Plus one ‘moving day’ makes 61 days spent on house-related things. But wait – there’s more! There were also ten days of Grand Purge in February, four days marked ‘housework’ and one marked ‘garden’ – the day we pruned the apple-tree. That makes a total of 76, leaving a mere 56 to be accounted for. (Mere! That’s over nine working weeks we’re talking about there…)

I had ten health days; all, with the exception of a visit to the dentist, between the 15th and the 21st of their respective months. Obviously that is the week to get sick (or go for eye check-ups). I also took three days in bed (half last year’s total) and a rest day. 14 in this section, leaving 42.

Frederico Maldarelli Schlafende
Seven days were marked ‘guests’; three were used for planning of various sorts; travelling or being away occupied eight (a third of last year’s tally). Eighteen, leaving twenty-four.

The largest section of the remainder, is, I’m afraid, blank – eight days on which I failed to record what I did, and therefore can’t count for either woe or weal. Five days were devoted to handwork, two to reproofing an oilskin coat. Fifteen, leaving nine.

Nine one-offs.

Five were in January: the day when we pray through the year ahead; the day we charge through the ensuing one-off to do list; the day I got my fountain pens cleaned and refilled with the appropriate inks for the coming work; the day I analyzed 2015; and the day I made plum sauce (ripe fruit waits for no man).

The remaining four were: a day when I got a lot of exercise but didn’t have energy for anything else after that (exercise is energizing, but only in the right proportions); the day I disassembled and cleaned my typewriter; Good Friday, and our fifth wedding anniversary.

It's all about love
Fewer writing days, yes, but also fewer sick/rest days, fewer travel days, and fewer holidays. Also – and I feel this is important – fewer blank days, even if I count the house days as blank.

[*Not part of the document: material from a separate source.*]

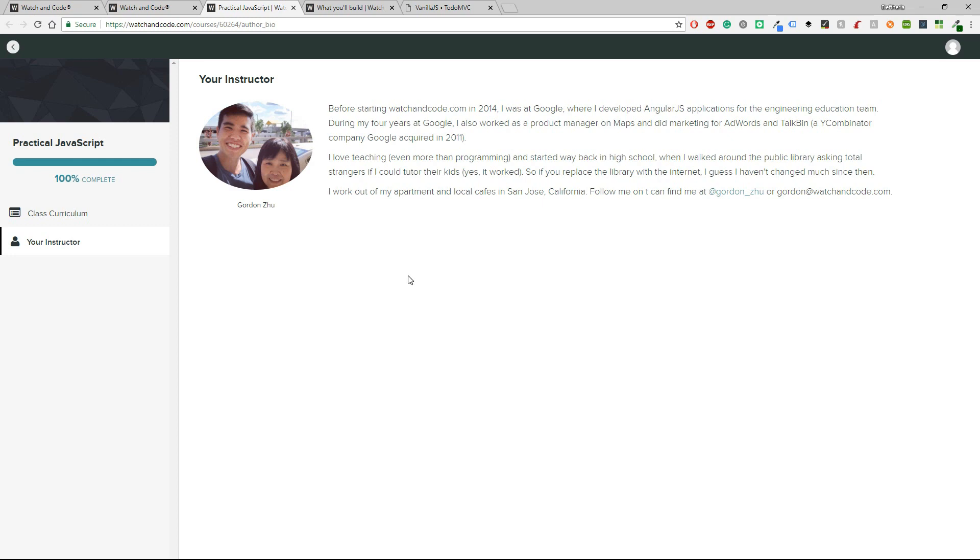So there are a few things here about him. Let's just read some of them. It says before starting Watch and Code in 2014, I was at Google where I developed Angular JS applications for the engineering educational team. During my four years at Google, I also worked as a product manager on Maps and did marketing for AdWords. A lot of things. I think that you are all impressed.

Shows improvement, in fact, but Could Do Better – particularly if we don’t have to move house again this year (ohdearGodpleaseno). And now that I’ve done my PseuDoNaNo, I know what I am capable of, although I don’t think I could keep that pace up year-round. Not without a permanent cook-general.

If you recall, 2015 was my Year of Finishing Things, during which I not only finished things, but grew to regard finishing things as a natural outcome of starting them. 2016 was my Year of Trust, and I think I have made progress in that respect. No doubt I still have further to go, but I find I am less anxious than I used to be, which is a welcome change.

2017 is my Year of Persistence. I know what I need to do. I just need to keep doing it. Some unknown person once said (or wrote), “Today’s mighty oak is just yesterday’s little nut that held its ground.”

acorn-990846_640
I am a little nut (ask my husband if you don’t believe me), and this year, I’m going to hold my ground, put down roots, and – hopefully! – thrive.